**TASK:** Only the lines of the data below from the one with "Dere Taştı, Selden" through the one with "Terry Wogan Helps Window Cleaner" are wanted. Repeat them exactly.

Records from a collection:
---

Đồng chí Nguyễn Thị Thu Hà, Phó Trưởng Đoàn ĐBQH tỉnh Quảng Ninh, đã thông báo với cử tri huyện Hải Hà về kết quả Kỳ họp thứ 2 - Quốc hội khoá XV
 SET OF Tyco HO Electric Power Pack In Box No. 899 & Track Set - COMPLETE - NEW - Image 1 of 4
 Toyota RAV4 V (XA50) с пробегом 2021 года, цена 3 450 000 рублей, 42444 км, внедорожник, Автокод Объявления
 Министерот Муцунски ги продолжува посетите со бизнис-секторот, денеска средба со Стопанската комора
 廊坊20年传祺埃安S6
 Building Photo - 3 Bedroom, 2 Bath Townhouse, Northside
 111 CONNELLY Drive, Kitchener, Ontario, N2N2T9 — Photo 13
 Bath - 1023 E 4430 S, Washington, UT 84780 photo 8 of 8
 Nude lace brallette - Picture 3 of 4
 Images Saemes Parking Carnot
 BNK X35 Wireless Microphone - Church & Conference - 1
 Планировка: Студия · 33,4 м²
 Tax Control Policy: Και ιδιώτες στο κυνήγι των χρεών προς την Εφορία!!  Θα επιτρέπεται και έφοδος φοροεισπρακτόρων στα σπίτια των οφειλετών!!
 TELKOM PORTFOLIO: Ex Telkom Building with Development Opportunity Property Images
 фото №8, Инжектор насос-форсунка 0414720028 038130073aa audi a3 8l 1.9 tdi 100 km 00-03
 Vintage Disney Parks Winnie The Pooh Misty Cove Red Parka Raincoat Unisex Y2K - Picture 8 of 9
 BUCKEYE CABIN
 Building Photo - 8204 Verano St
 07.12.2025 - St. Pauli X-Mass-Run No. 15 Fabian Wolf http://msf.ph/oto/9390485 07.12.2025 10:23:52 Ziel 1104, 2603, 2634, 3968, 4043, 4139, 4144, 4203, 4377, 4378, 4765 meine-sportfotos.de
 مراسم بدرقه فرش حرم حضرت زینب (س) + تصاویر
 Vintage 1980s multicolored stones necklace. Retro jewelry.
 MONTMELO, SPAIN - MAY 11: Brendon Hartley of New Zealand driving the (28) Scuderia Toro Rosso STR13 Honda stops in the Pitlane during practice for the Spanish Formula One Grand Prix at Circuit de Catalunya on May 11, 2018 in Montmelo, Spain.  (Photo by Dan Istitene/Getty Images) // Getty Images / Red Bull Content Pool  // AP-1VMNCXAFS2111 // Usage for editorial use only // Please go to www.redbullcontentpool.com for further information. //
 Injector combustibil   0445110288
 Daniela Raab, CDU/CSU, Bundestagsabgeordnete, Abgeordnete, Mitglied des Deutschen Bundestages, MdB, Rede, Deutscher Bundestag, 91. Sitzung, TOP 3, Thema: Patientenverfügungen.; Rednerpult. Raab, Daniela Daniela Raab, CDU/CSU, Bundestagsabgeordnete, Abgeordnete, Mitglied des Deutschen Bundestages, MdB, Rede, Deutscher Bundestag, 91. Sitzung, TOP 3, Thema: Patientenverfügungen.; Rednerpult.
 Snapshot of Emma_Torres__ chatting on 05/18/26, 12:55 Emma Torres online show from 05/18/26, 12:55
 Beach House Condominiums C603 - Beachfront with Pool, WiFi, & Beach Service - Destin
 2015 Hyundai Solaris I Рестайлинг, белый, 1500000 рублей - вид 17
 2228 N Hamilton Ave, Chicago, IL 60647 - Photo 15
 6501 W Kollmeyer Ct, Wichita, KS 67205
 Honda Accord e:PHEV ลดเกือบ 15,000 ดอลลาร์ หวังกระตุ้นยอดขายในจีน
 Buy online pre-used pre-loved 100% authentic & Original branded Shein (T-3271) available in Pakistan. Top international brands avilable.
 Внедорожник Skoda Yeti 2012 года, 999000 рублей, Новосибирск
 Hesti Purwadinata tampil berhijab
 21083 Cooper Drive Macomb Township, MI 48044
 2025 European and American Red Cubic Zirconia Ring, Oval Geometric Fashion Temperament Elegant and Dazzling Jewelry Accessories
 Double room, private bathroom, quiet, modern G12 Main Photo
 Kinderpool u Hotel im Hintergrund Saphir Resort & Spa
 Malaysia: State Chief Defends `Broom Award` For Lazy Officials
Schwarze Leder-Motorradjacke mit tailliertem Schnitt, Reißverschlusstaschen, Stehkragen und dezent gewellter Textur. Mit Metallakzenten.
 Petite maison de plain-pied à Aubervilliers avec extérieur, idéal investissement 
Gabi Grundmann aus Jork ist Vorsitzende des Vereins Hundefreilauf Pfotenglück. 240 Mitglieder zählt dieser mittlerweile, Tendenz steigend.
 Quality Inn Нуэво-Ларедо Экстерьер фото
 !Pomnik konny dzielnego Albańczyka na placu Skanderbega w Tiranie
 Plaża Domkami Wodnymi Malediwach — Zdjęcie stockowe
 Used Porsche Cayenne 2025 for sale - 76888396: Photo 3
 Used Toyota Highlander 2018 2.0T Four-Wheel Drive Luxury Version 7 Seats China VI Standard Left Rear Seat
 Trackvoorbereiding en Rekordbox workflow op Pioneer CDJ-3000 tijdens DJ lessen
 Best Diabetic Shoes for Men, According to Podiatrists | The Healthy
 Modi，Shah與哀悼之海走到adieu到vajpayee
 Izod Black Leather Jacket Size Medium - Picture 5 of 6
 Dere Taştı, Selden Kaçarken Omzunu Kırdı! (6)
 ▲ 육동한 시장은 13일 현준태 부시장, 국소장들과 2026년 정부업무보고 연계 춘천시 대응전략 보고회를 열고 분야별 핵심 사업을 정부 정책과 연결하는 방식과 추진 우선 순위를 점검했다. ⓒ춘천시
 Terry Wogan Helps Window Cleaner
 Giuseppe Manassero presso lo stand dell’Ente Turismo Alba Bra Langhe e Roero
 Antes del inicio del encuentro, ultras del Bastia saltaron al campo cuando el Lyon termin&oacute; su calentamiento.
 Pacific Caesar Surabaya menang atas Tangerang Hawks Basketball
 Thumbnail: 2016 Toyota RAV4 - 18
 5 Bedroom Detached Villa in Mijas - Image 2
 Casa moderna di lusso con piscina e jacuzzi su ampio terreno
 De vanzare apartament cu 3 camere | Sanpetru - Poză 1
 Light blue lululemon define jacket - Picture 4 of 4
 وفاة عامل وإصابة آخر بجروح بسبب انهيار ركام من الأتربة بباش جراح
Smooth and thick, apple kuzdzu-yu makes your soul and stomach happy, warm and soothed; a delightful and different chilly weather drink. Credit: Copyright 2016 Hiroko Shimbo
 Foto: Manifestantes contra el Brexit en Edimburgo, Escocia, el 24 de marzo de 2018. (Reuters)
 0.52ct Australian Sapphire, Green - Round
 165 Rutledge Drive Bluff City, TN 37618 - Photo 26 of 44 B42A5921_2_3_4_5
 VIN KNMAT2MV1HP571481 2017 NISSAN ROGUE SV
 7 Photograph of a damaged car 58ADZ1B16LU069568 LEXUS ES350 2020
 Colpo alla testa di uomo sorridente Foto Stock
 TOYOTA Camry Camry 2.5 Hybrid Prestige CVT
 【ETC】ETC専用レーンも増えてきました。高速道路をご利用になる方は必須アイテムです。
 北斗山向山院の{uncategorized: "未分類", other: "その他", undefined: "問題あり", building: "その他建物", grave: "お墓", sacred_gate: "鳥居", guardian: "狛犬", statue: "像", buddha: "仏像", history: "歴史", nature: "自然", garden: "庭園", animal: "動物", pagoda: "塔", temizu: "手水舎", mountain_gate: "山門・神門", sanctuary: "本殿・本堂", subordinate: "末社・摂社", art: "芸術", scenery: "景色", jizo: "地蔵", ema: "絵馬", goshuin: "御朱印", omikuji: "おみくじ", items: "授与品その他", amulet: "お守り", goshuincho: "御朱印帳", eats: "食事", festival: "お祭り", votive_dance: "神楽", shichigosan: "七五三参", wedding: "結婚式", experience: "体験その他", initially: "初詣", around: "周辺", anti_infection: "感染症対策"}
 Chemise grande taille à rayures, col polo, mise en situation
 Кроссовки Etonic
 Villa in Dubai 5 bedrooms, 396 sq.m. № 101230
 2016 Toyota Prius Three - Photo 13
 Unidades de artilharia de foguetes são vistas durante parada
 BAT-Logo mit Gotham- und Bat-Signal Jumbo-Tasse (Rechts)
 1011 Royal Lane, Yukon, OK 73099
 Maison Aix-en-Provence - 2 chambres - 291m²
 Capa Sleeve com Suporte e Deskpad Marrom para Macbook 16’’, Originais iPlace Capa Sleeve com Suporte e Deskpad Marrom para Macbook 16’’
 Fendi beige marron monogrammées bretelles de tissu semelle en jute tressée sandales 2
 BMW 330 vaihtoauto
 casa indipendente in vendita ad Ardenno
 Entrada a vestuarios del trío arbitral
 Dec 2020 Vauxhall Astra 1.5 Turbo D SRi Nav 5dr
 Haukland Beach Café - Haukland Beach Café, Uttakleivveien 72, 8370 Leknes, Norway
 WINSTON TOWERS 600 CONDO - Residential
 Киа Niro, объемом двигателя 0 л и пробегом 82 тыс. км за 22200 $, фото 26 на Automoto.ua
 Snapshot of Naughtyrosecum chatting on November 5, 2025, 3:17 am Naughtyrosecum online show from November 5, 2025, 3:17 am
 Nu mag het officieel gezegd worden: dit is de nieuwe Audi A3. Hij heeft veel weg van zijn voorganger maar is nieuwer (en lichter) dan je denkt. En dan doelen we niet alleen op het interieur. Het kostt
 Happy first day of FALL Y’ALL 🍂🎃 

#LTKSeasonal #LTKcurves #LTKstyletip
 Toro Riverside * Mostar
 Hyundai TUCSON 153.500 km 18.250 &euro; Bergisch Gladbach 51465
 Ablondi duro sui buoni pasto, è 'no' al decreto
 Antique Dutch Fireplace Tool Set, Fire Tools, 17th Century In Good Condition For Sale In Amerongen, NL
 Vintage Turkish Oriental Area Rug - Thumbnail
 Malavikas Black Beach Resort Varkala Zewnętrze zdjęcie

---

**RESPONSE BELOW:**
 Dere Taştı, Selden Kaçarken Omzunu Kırdı! (6)
 ▲ 육동한 시장은 13일 현준태 부시장, 국소장들과 2026년 정부업무보고 연계 춘천시 대응전략 보고회를 열고 분야별 핵심 사업을 정부 정책과 연결하는 방식과 추진 우선 순위를 점검했다. ⓒ춘천시
 Terry Wogan Helps Window Cleaner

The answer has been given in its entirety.